Festspiel-Liederabend : la star Jakub Józef Orliński déchaîne le public du Théâtre du Prince-Régent de Munich

Xl_jakub-jozef-orlinski_theatre-du-prince-regent-munich-2024 © Wilfried Hösl

Dès l'entrée dans la vénérable salle de concert munichoise, toute éclairée de rouge comme pour en définir l’ambiance, on perçoit l’exaltation du public. Elle s’exprime rapidement via les chaleureusement acclamations et le concert de sifflets enthousiastes qui accueillent l’entrée la jeune star populaire, le contre-ténor polonais Jakub Józef Orliński, avec son pianiste accompagnateur, le Polonais Michał Biel. Les deux artistes sont visiblement émus, et, sous le coup de l'émotion, s'inclinent tous deux profondément. Le contre-ténor a acquis une solide popularité grâce à son talent, son excellente technique et sa maîtrise de la voix, mais aussi grâce à son extraordinaire présence sur scène, et l’enthousiasme de la salle est communicatif.

Ses apparitions sur scène sont souvent mémorables, et on se souvient de son Athamas sur cette même scène dans Semele de Georg Friedrich Haendel, lors de la dernière saison du festival. Le jeune artiste hors du commun est aussi connu pour ses prouesses sportives : il avait alors enthousiasmé le public avec un intermède de break dance. Certains spectateurs de cette soirée de Lieder l’encouragent manifestement à réitérer, il se contentera de quelques pas de danse, sans salto ni sauts acrobatiques – et c’est tant mieux car ce soir, toute la virtuosité était déjà dans la musique.

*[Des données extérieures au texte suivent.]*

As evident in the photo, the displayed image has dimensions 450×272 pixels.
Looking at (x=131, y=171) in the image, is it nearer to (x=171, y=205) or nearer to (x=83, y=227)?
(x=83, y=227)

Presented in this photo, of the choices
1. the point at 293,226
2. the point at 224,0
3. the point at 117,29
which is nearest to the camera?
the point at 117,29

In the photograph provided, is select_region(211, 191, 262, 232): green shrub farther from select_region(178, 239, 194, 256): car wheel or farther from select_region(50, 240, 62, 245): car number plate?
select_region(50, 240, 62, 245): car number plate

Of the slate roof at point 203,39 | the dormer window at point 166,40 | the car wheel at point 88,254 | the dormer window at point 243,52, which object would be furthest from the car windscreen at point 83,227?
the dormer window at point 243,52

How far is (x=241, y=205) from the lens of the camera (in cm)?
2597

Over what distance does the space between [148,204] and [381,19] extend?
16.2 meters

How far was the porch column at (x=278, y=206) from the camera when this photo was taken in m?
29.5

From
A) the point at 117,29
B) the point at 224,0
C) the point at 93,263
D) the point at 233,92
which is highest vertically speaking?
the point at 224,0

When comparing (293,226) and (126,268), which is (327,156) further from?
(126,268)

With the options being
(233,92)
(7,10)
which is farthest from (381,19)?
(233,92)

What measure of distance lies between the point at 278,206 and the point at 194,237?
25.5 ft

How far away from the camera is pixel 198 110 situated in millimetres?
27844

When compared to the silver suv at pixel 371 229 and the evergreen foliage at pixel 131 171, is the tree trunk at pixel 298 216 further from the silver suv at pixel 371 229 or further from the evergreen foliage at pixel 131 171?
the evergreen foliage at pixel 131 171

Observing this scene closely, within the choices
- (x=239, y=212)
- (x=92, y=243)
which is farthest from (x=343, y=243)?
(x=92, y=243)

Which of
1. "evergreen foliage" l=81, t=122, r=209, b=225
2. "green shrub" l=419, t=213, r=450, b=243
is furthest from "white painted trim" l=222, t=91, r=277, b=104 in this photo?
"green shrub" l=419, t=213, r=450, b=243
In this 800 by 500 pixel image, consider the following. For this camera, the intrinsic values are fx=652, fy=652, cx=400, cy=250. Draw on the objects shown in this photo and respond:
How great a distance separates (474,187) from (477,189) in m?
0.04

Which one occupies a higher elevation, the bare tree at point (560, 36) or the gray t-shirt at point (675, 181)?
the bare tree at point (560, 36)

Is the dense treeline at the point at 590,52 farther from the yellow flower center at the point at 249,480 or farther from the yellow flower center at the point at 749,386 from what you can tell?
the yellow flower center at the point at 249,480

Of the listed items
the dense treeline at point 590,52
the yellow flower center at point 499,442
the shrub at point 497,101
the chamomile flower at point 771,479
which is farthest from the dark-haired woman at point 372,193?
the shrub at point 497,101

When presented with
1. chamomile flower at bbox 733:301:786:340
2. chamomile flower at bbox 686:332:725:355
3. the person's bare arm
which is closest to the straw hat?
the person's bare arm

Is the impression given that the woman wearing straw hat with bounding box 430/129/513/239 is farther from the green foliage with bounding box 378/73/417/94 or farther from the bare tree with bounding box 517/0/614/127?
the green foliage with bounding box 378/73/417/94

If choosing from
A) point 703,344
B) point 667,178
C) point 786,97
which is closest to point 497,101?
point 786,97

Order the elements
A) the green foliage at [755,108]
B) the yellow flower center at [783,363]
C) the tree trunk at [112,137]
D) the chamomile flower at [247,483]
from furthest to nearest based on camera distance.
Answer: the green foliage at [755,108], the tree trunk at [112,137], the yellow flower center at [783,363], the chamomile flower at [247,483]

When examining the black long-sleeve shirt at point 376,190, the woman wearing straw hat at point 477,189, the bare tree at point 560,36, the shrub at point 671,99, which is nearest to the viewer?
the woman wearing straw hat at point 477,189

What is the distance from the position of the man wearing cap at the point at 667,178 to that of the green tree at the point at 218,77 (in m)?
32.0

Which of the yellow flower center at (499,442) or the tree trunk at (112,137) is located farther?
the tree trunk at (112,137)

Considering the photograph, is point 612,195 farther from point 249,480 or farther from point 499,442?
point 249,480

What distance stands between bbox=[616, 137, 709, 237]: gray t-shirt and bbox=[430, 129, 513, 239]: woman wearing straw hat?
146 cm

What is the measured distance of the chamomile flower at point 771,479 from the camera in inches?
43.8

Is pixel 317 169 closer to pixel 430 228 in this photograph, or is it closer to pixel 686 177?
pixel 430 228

La soirée débute par le répertoire baroque avec le très bel aria du Pécheur repenti, extrait de l'oratorio de La Passion de Johann Josef Fux. Ensuite, Jakub Józef Orliński modifie le programme initial à la dernière minute et enchaîne immédiatement avec  les quatre œuvres annoncées d'Henry Purcell, afin de poursuivre harmonieusement la thématique baroque. Le contre-ténor sait créer une connivence avec le public de façon très personnelle, voire amicale. À plusieurs reprises, il sourit malicieusement aux premiers rangs, la présence solaire du sympathique chanteur à la chevelure bouclée – et la réponse du public qu’il obtient – sont comparables à celle d’une pop-star.

Sa voix ductile et son timbre particulièrement velouté pour un contre-ténor sont très reconnaissables. Sa voix de tête est incroyablement agile, ses intonations sont claires jusque dans les aigus, et elle déploie une profondeur chaleureuse. Les coloratures glissent avec une souplesse cristalline et sa capacité de projection semble illimitée. Il utilise ces atouts avec une nuance remarquable dans les pièces baroques.

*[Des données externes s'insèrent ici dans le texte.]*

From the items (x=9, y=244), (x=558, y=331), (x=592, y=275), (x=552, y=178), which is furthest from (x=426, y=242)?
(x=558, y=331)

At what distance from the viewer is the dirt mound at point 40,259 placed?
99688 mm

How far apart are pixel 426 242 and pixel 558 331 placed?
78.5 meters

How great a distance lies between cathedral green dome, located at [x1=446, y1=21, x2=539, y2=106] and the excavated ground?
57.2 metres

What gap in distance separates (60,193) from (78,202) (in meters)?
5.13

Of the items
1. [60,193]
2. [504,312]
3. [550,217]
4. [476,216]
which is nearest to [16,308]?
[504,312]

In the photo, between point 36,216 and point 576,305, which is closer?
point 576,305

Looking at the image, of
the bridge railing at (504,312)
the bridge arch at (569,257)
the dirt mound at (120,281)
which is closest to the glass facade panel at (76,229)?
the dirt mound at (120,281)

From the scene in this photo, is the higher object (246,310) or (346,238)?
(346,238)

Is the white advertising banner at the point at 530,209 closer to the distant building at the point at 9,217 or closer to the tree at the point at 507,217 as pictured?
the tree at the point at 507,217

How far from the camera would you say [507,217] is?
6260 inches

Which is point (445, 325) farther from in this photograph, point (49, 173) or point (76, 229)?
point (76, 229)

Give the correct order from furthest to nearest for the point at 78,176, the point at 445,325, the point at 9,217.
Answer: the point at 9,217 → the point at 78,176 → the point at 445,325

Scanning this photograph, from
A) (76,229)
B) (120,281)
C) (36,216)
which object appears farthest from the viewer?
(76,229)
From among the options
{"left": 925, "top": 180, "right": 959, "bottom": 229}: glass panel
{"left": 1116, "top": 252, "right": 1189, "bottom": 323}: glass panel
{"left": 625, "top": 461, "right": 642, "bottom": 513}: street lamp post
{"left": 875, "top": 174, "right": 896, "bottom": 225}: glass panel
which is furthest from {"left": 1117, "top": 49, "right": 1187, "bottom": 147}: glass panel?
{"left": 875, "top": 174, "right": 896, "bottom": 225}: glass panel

De façon intéressante, il choisit d’enchainer avec des chansons de compositeurs polonais très peu connus. Les trois chansons d'Henryk Czyz (1923-2003) dévoilent des compositions élégiaques et mélodieuses, sur la base de partitions offrant aux interprètes l’occasion d’illustrer tout leur talent. Elles sont à la fois romantiques et touchantes, avec une coloration mélancolique. Jakub Józef Orliński, qui a transcrit les Lieder pour une tessiture de contre-ténor, fait ici la démonstration des capacités de sa voix. Sans artifices vocaux, mais avec beaucoup d'expression, d'émotion et de douceur, il sait comment toucher le public, même avec ces raretés. Il exploite aussi au mieux les chansons de ses compatriotes Mieczyslaw Karliwixz (1876-1909) et Stanislaw Moniuszko (1819-1872) pour illustrer le vaste potentiel de son contre-ténor. En fin de récital, il revient à son répertoire de prédilection, le baroque : c’est avec l’Hallelujah, Amen! de Georg Friedrich Haendel qu’il conclut la soirée avec brio.

L'accompagnement artistique et émotionnel du pianiste Michał Biel, qui sait parfaitement s'adapter aux espaces de liberté du chanteur, offre le même niveau d’excellence de la soirée. Dans une salle comble du Théâtre du Prince-Régent, l'enthousiasme est à son paroxysme et le public réclame de nombreux rappels aux deux artistes – qui les leur accordent, la plupart du temps avec des airs d'Henry Purcell. L'atmosphère chaleureuse et décontractée de la soirée, ainsi que la popularité évidente de Jakub Józef Orliński marquent manifestement une évolution prometteuse dans la vie musicale classique.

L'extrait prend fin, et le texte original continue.